◆ WHAT YOU HAVE TO DO ◆
All entries below are to be written out again exactly, but no picture is to be copied.

◆ Image-caption web data ◆
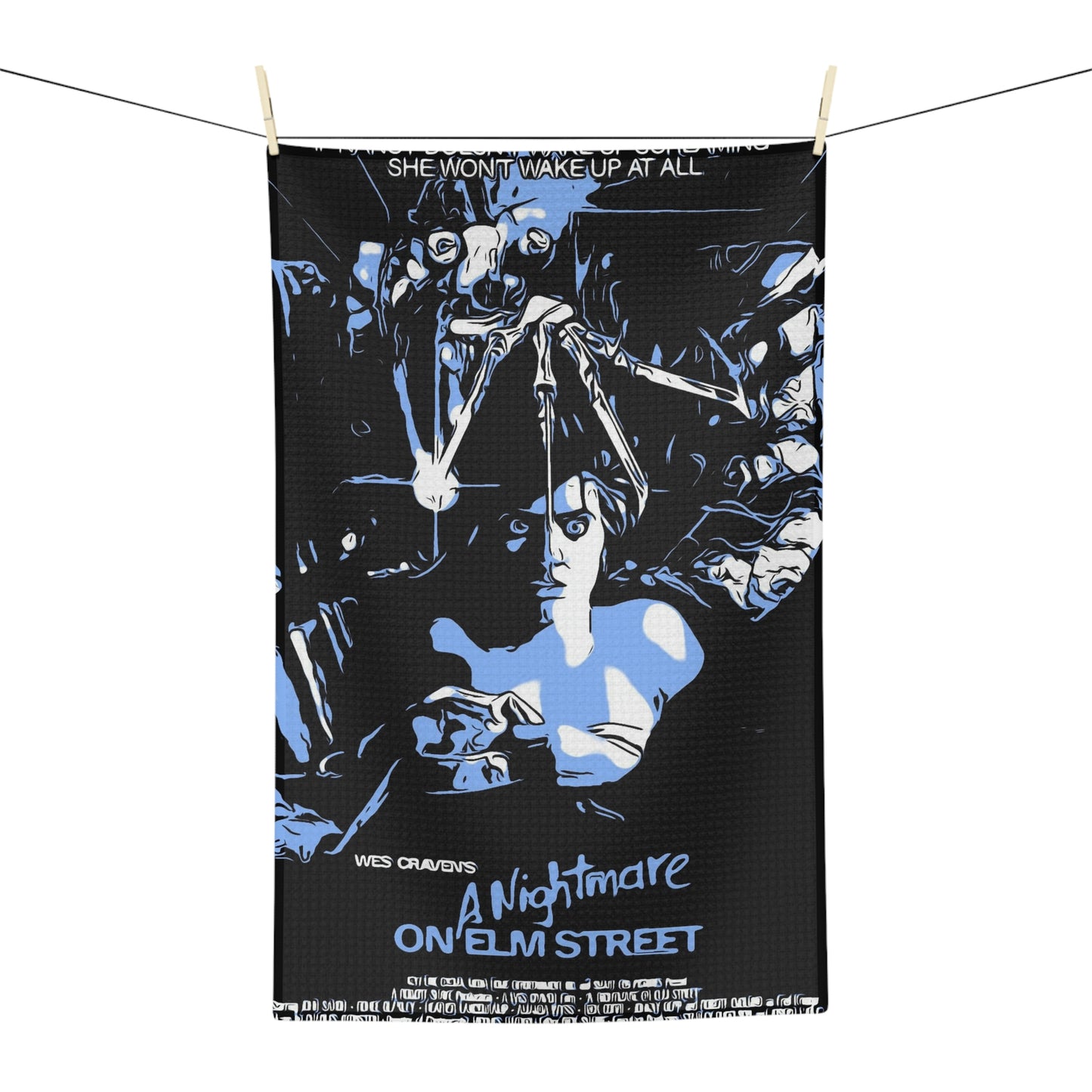 Soft Tea Towel A Nightmare on Elm Street Movie Poster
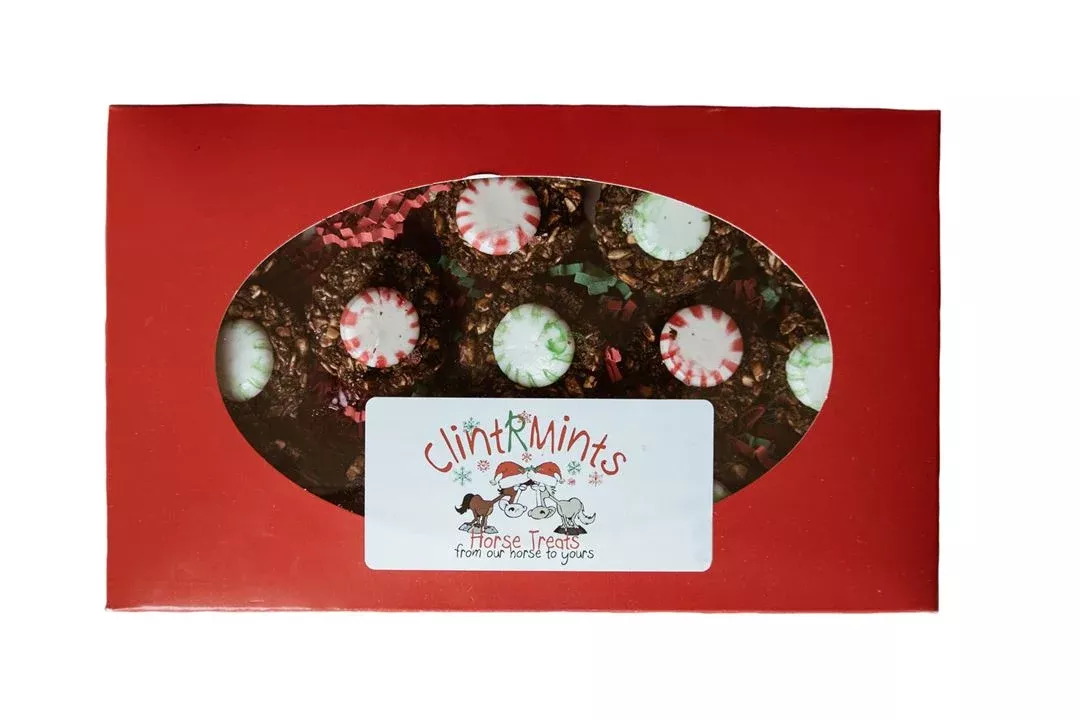 ClintRMint Holiday Gift Box of Horse Treats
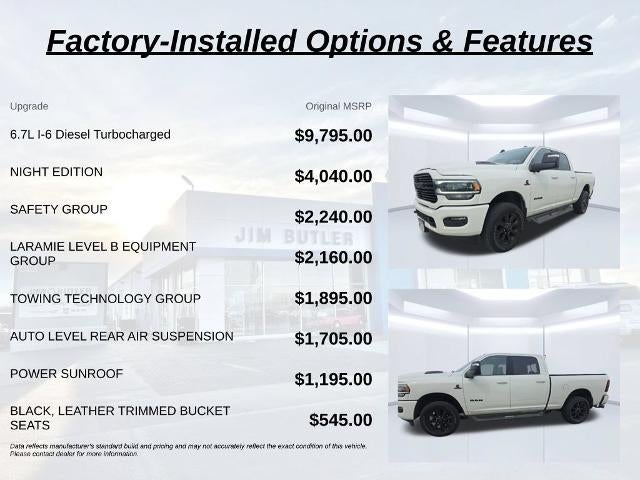 2024 RAM 2500 Laramie Crew Cab 4x4 6'4" Box
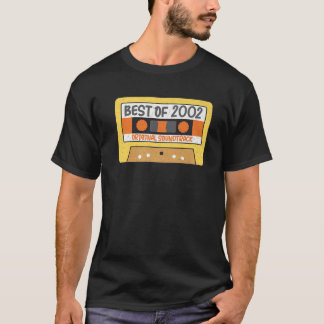 Beste van 2002 Cassetterecorder Vintage Retro T-shirt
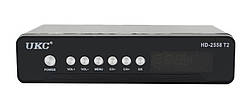 Тюнер цифровий UKC DVB-T2 2558 METAL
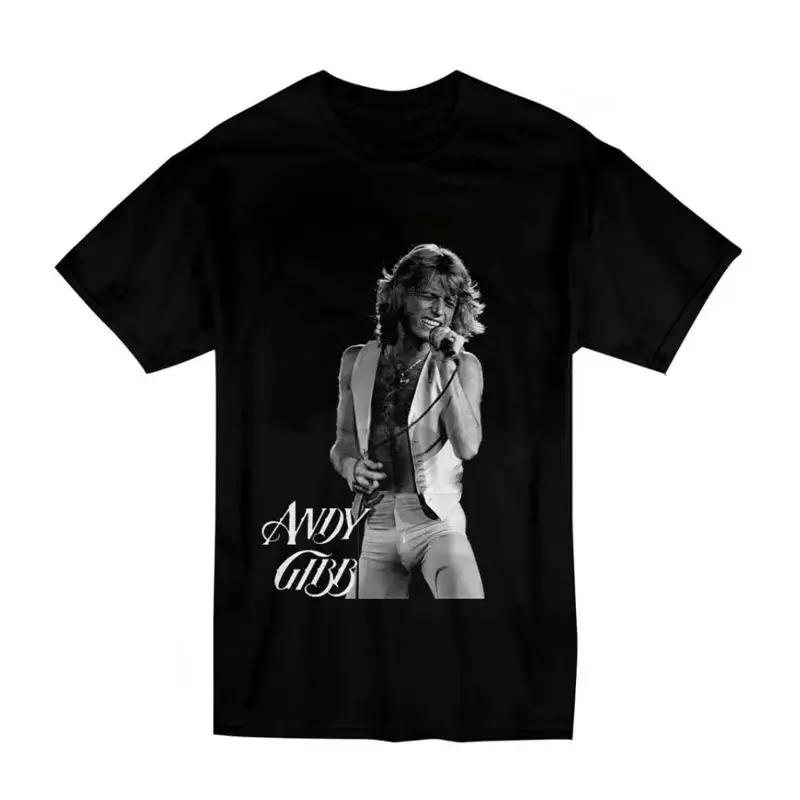 

Vintage Andy Gibb Live In Concert Cotton Black S 5Xl T Shirt S разноцветный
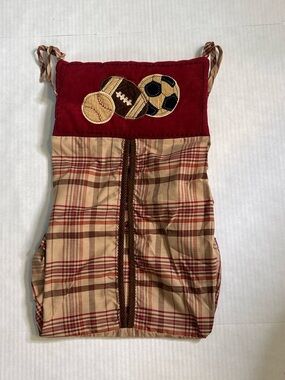 NOJO Little MVP Corduroy Baby Nursery Decor Sports Theme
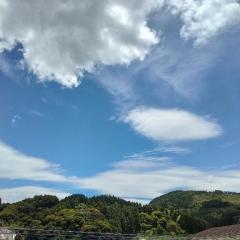 台風一過の空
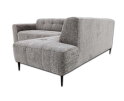 Hoekbank Viano rechts stof Bella 15 Donkergrijs gem&ecirc;leerd - 255x200x84 cm - modern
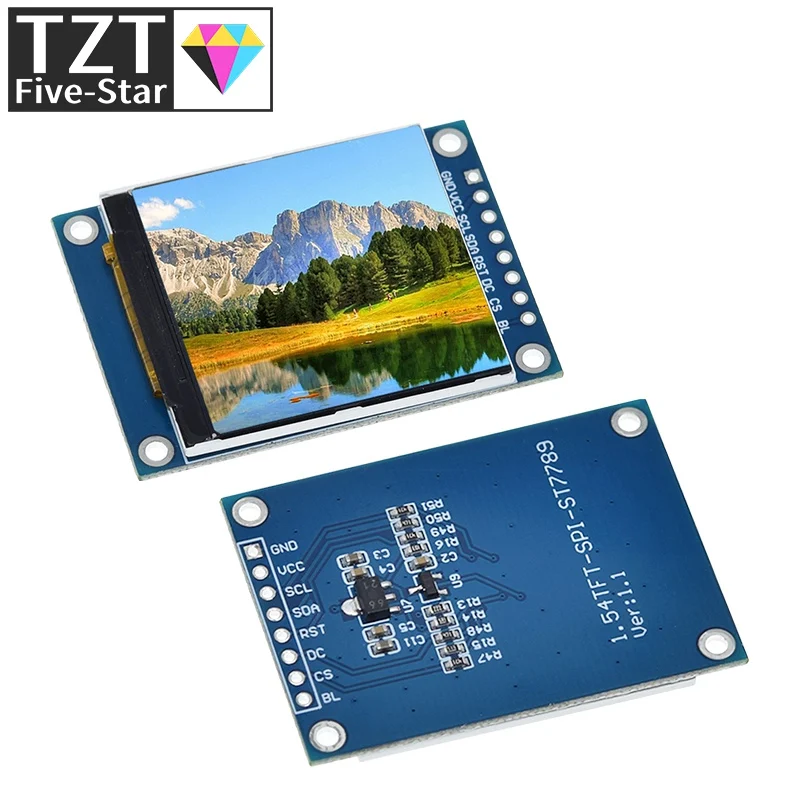 

1.54 Inch 1.54" Full Color TFT Display Module HD IPS LCD LED Screen 240x240 SPI Interface ST7789 For Arduino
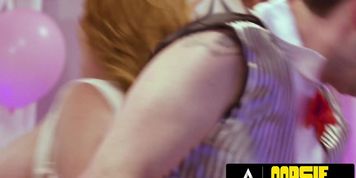 Oopsie - Pawg Redhead Milf & Hot Brunette Have Hard Threesome With Pervert Salesman At Wedding Expo - Lauren Phillips (April Olsen, Tommy Pistol)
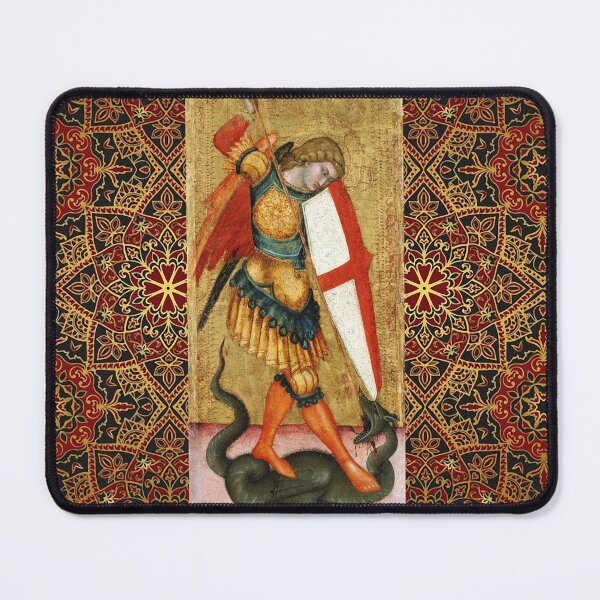 Item preview, St. Michael Archangel and Dragon Sienese School Medieval Art designed and sold by BulganLumini.
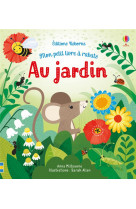 Au jardin - mon petit livre a rabats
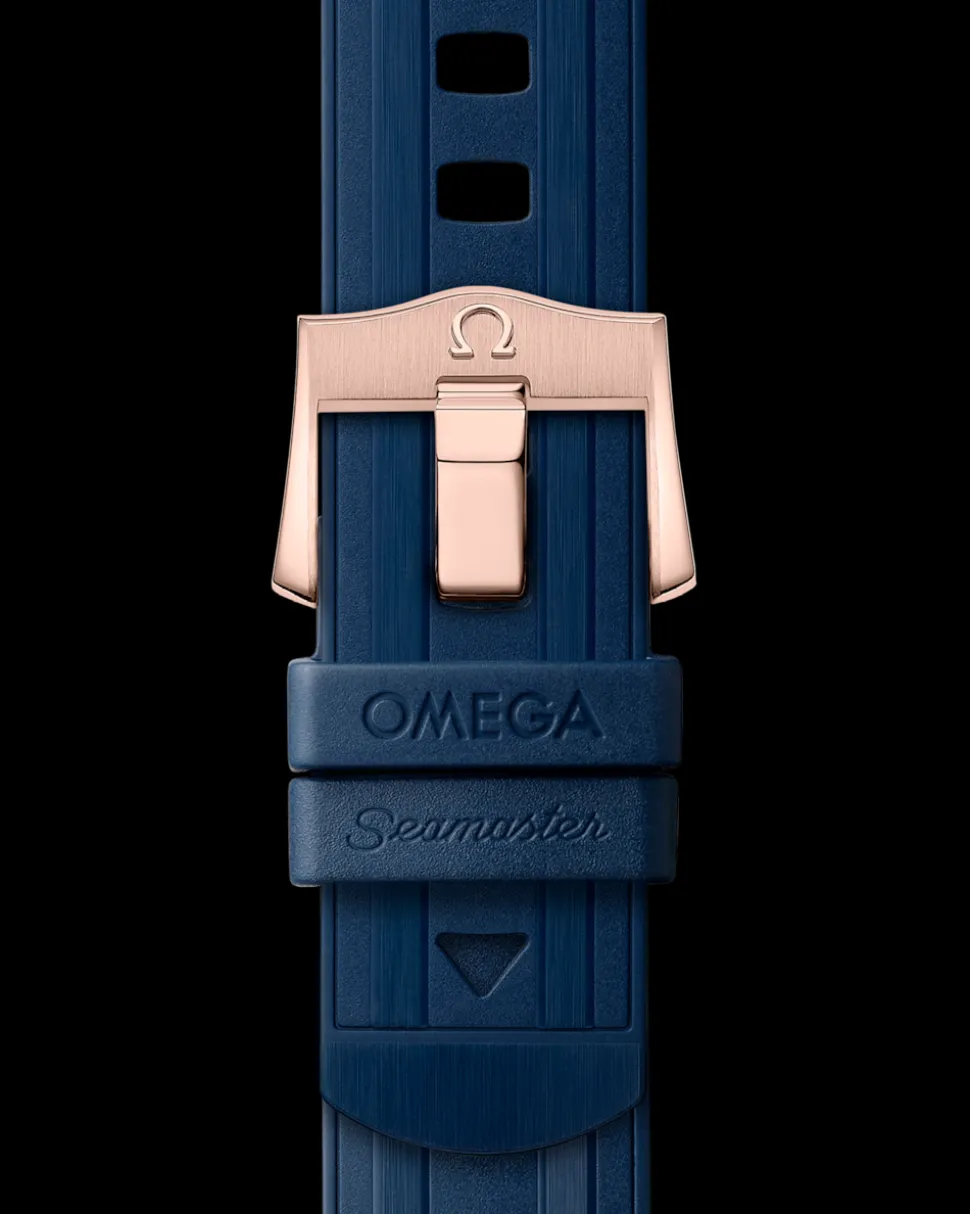 42 mm, Sedna™ gold on rubber strap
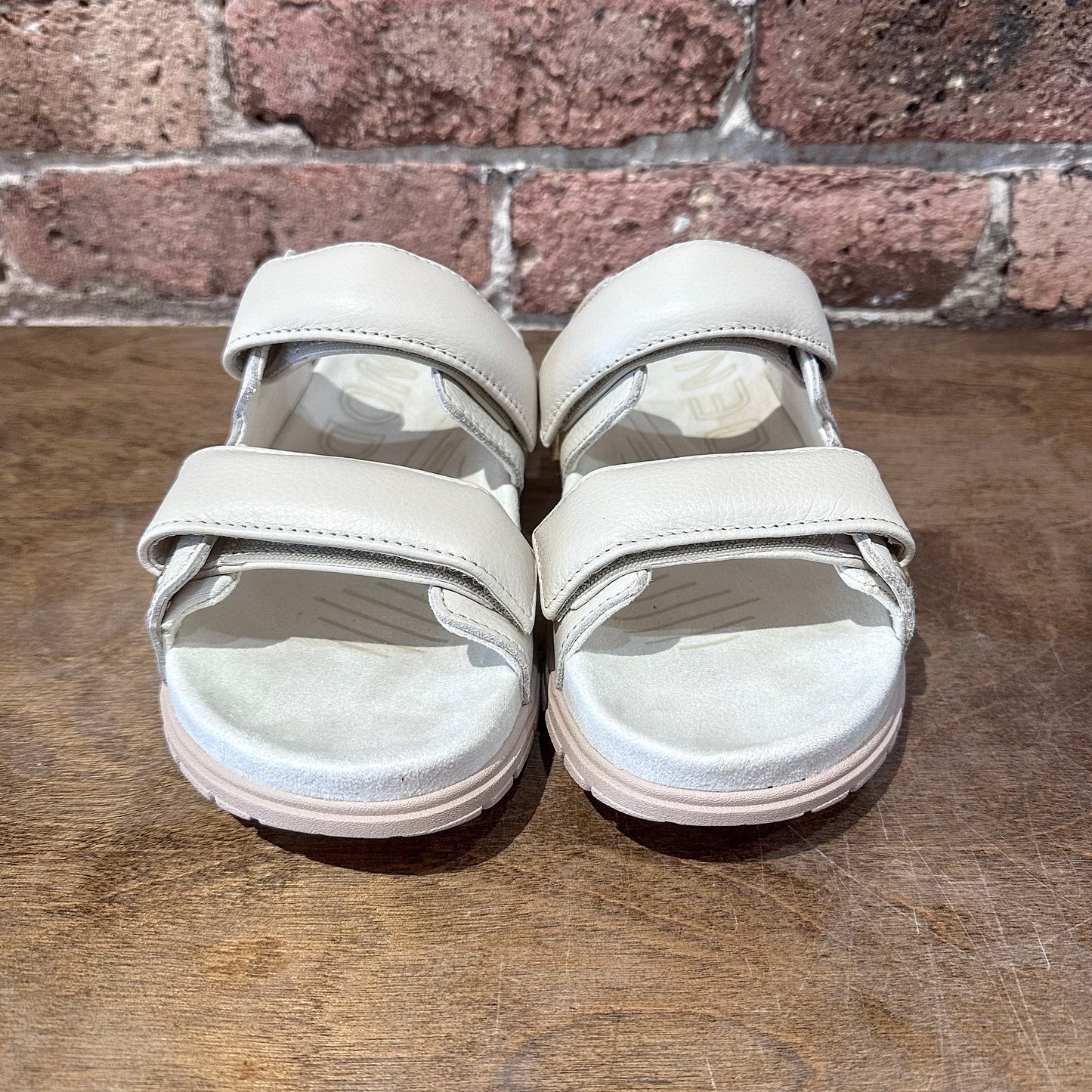 Woden Lisa Two-Strap Slide Sandals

◆ SOLUTION TO THIS EXERCISE ◆
 Soft Tea Towel A Nightmare on Elm Street Movie Poster
 ClintRMint Holiday Gift Box of Horse Treats
 2024 RAM 2500 Laramie Crew Cab 4x4 6'4" Box
 Beste van 2002 Cassetterecorder Vintage Retro T-shirt
 Тюнер цифровий UKC DVB-T2 2558 METAL

Vintage Andy Gibb Live In Concert Cotton Black S 5Xl T Shirt S разноцветный
 NOJO Little MVP Corduroy Baby Nursery Decor Sports Theme
 台風一過の空
 Hoekbank Viano rechts stof Bella 15 Donkergrijs gem&ecirc;leerd - 255x200x84 cm - modern

1.54 Inch 1.54" Full Color TFT Display Module HD IPS LCD LED Screen 240x240 SPI Interface ST7789 For Arduino
 Oopsie - Pawg Redhead Milf & Hot Brunette Have Hard Threesome With Pervert Salesman At Wedding Expo - Lauren Phillips (April Olsen, Tommy Pistol)
 Item preview, St. Michael Archangel and Dragon Sienese School Medieval Art designed and sold by BulganLumini.
 Au jardin - mon petit livre a rabats
 42 mm, Sedna™ gold on rubber strap
 Woden Lisa Two-Strap Slide Sandals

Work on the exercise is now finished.